Scraped caption text data:
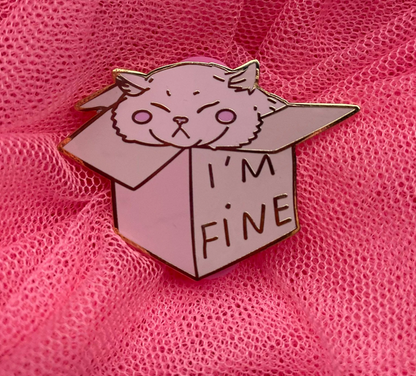 I'm Fine Enamel Pin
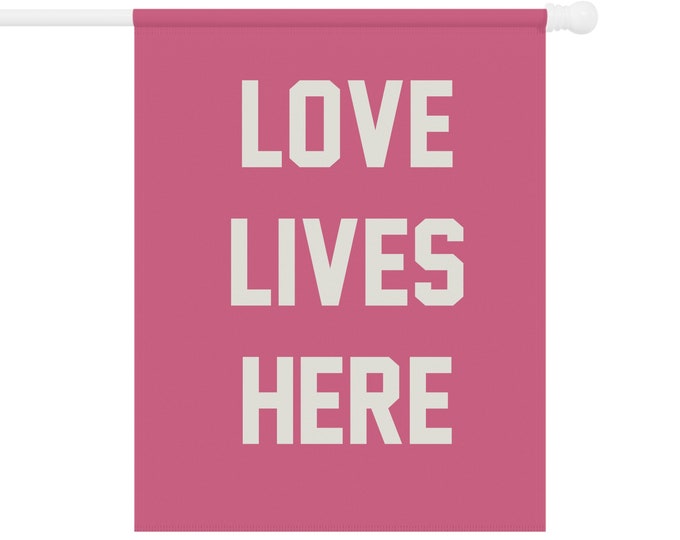 LOVE LIVES HERE Garden & House Banner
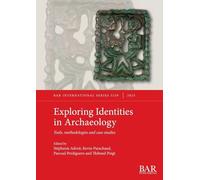 Exploring Identities in Archaeology: Tools, methodologies and case studies: 3239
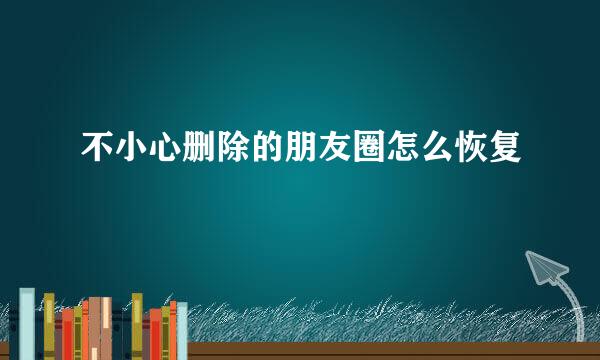 不小心删除的朋友圈怎么恢复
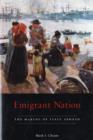 Image for Emigrant nation  : the making of Italy abroad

● ABOUT THIS TASK
What the answer needs is every line from the one with "不小心删除的朋友圈怎么恢复" through the last line of the data, reproduced word for word and with pictures omitted.

● FINISHED TASK
 不小心删除的朋友圈怎么恢复
 Image for Emigrant nation  : the making of Italy abroad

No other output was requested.